There’s a definite shift toward employers offering financial wellness offerings to their employees, and nearly half (47%) of employers will offer the benefit by 2026, said a panel of retirement industry experts.
This is according to the Transamerica’s 5th Transamerica Prescience 2026 report: Financial Wellness Benefits and Retirement. The report is a series of polls and brainstorming sessions, each focusing on a different aspect of employee benefits as part of a multi-year initiative that surveys workplace benefits professionals on a wide range of issue looking toward 2026 to uncover trends and opportunities in the benefits landscape.
“Retirement plan sponsors, providers, consultants, and financial advisors need a sharp vision of the benefits that employees will need for their financial wellbeing several years from now,” said Phil Eckman, President of Workplace Solutions at Transamerica. “This data will help them select products, services, systems, and processes that will meet the needs of employers and employees into the future.”
A financial wellness program, according to the report, is defined as “a program offered through employers to address employees’ personal financial well-being concerns through their retirement plans and/or voluntary benefits, and digital tools and resources such as one-on-one coaching and consultation.” Additionally, the programs may offer training to hone budgeting skills, address management of financial-induced stress, identify short- and long-term financial needs, and monitor progress against goals over time.

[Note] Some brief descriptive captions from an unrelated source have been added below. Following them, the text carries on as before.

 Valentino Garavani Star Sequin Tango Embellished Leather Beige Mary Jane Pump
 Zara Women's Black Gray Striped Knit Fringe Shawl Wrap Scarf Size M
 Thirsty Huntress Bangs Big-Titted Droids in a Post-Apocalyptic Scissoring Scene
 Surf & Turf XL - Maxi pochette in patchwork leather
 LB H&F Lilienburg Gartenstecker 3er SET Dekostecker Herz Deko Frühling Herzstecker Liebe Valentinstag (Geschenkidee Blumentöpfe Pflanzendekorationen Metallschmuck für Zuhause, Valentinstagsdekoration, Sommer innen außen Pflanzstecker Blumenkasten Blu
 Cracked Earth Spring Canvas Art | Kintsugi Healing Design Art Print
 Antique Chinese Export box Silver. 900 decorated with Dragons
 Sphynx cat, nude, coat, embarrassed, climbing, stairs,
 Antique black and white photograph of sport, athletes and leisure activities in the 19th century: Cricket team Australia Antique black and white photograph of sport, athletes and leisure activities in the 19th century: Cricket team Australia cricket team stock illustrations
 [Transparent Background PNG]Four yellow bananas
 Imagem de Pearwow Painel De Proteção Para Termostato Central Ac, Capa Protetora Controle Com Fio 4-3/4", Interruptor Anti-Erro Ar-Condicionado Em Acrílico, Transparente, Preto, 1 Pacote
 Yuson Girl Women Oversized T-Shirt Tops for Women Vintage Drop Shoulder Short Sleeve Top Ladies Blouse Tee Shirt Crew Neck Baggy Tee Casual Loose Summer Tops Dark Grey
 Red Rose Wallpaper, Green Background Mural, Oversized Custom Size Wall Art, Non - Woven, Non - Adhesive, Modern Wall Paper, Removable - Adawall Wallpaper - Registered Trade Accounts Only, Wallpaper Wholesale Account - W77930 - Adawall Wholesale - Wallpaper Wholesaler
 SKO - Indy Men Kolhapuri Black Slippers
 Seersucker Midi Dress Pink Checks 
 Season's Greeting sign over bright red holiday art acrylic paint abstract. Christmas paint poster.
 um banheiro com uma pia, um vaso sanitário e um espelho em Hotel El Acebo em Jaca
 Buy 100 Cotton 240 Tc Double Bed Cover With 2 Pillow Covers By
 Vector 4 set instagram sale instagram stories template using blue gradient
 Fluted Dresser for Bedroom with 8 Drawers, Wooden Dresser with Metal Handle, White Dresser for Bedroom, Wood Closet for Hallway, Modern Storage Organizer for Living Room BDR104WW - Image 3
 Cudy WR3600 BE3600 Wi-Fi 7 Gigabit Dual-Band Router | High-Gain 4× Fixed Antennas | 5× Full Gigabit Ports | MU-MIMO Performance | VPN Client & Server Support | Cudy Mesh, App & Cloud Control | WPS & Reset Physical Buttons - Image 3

For the latest report, panelists considered the future of financial wellness programs and how they may affect plan sponsors, participants and employers and shared their expectations about who may bear brunt of costs of financial wellness, the type of support and assistance that may be offered, the relationship between employee stress and appreciation for employer-provided benefits programs and utilization of wellness programs.
Expert opinions varied as to who will pay for financial wellness programs:
- 34% employer
- 25% benefits provider
- 24% employer/ employees
- 17% employees
Related: Employers, take note: Financial wellness benefits employees really want
By year-end 2026, these industry professionals foresee:
- Retirement plan coverage in the under-100 employee market will have equaled coverage in the 100+ employee market.
- Financial well-being benefits (e.g., mortgage or rent assistance, credit improvement) will be added, and more than 50% of employers will offer student loan repayment programs.
- More than 40% of employers will offer an emergency savings fund mechanism.
Looking ahead, Transamerica notes that the underlying responses among panelists suggest that employers without a financial wellness program may find themselves at a disadvantage in the competitive landscape of recruiting and retaining talent.